* _THE DATA_
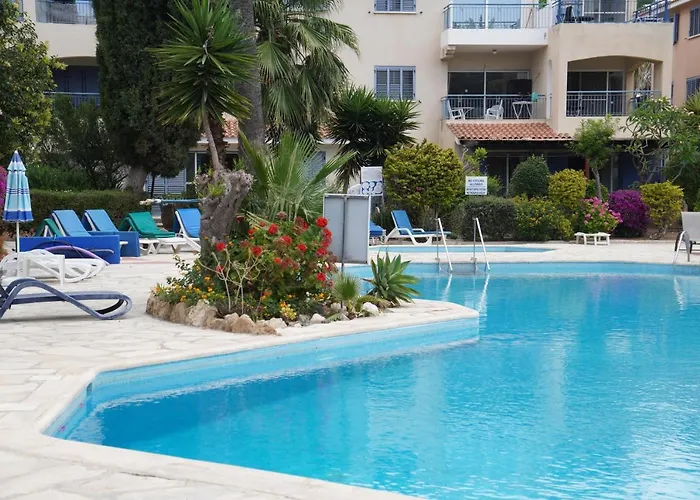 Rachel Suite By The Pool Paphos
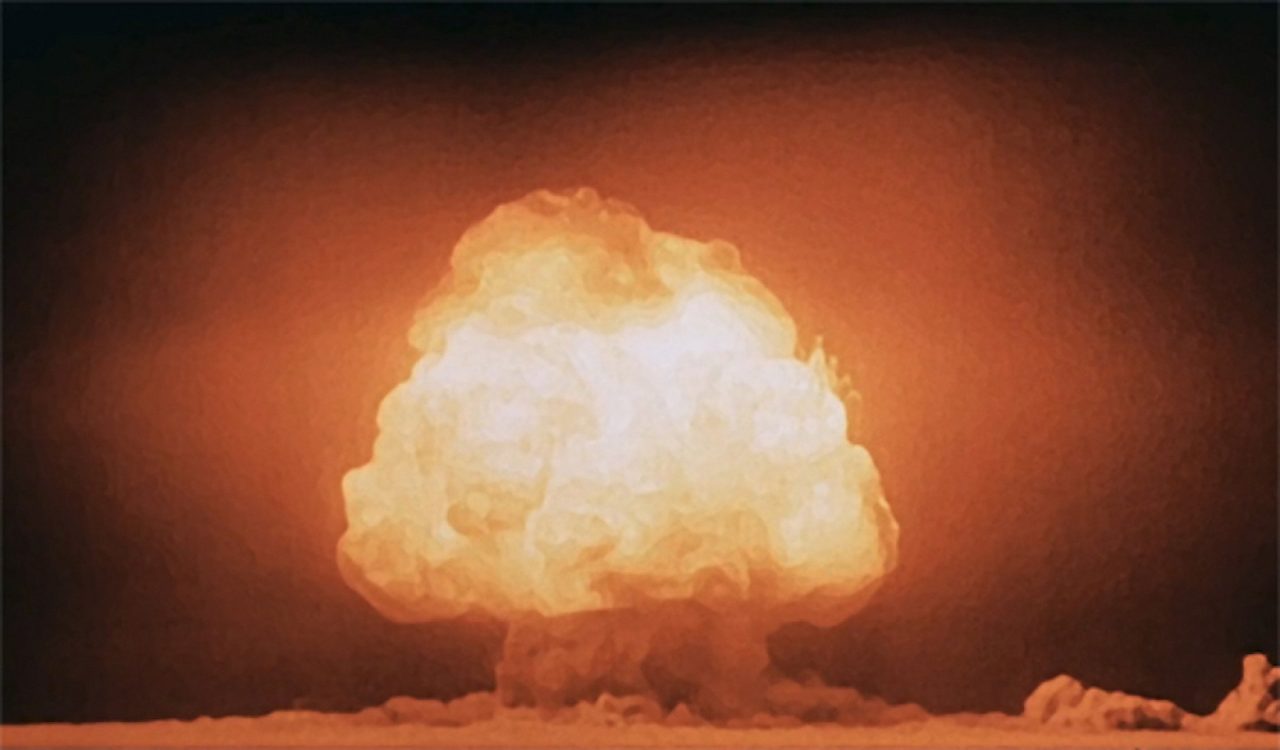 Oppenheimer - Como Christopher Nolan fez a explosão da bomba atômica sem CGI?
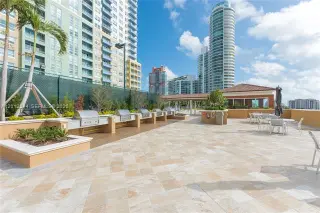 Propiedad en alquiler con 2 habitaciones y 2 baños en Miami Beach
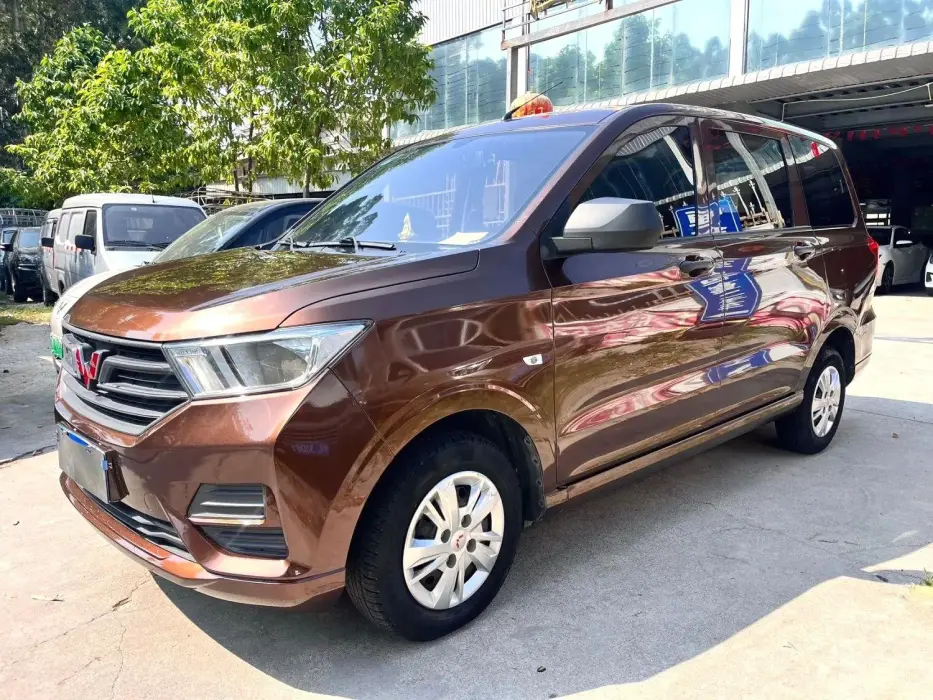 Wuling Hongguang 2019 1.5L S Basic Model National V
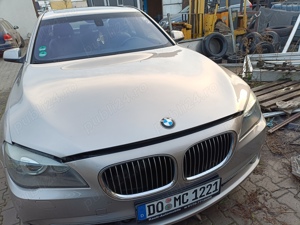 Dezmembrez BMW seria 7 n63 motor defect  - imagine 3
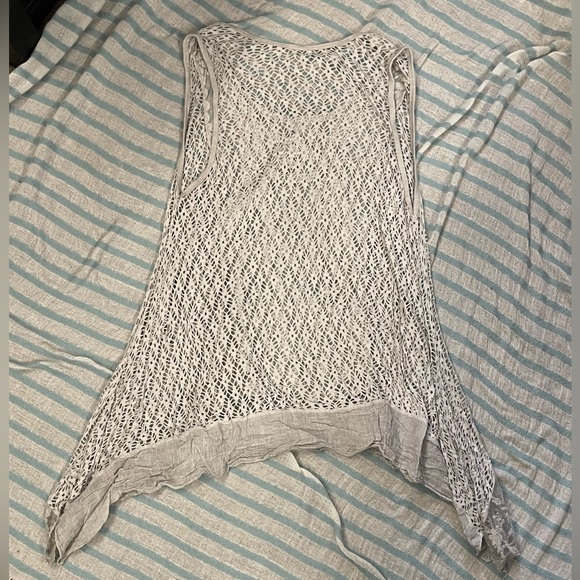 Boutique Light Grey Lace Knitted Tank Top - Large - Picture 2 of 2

* _EXERCISE_
Each record must be quoted in full and exactly. Do not include the pictures.

* _PROBLEM SOLUTION_
 Rachel Suite By The Pool Paphos
 Oppenheimer - Como Christopher Nolan fez a explosão da bomba atômica sem CGI?
 Propiedad en alquiler con 2 habitaciones y 2 baños en Miami Beach
 Wuling Hongguang 2019 1.5L S Basic Model National V
 Dezmembrez BMW seria 7 n63 motor defect  - imagine 3
 Boutique Light Grey Lace Knitted Tank Top - Large - Picture 2 of 2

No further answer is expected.